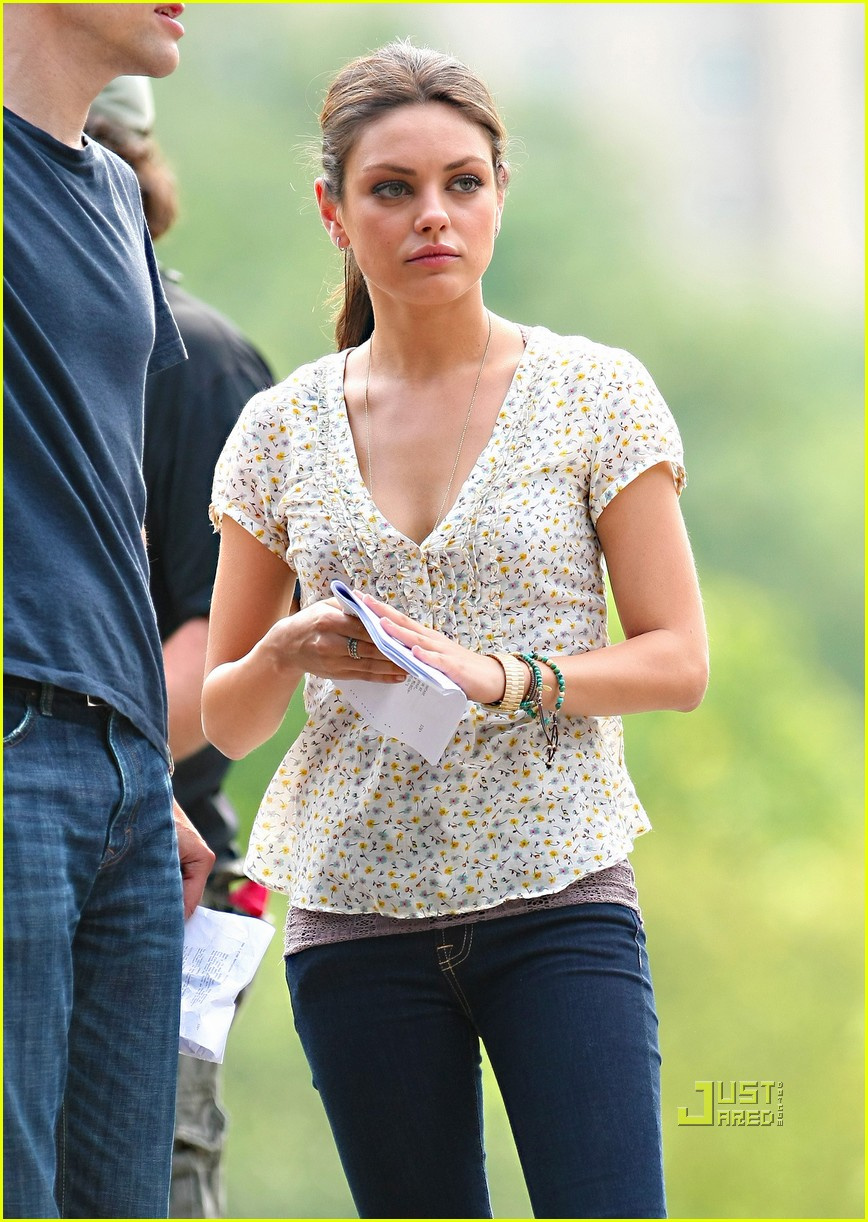 justin-timberlake-mila-kunis-filming-benefits-05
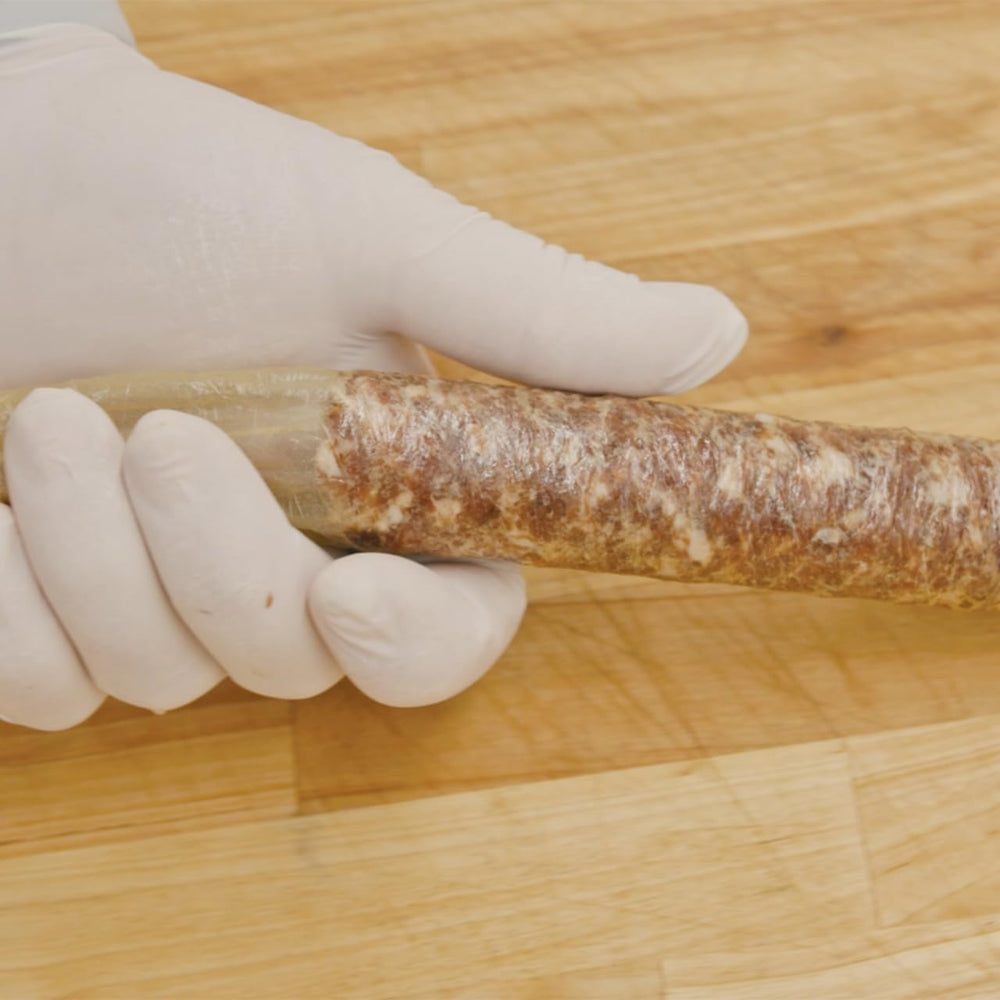 Bearded Butchers encapsulated citric acid bratwurst setup demonstrates reliable tang balance.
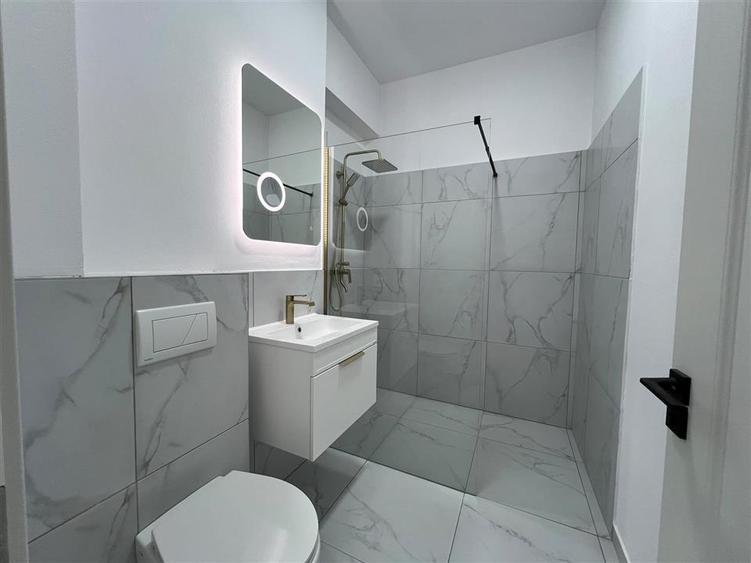 Apartament cu doua camere centru vechi bloc nou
--------------------------------------------------
_Aim of the task_. Give the data above again exactly. Leave the pictures out.

_Worked solution_.
 justin-timberlake-mila-kunis-filming-benefits-05
 Bearded Butchers encapsulated citric acid bratwurst setup demonstrates reliable tang balance.
 Apartament cu doua camere centru vechi bloc nou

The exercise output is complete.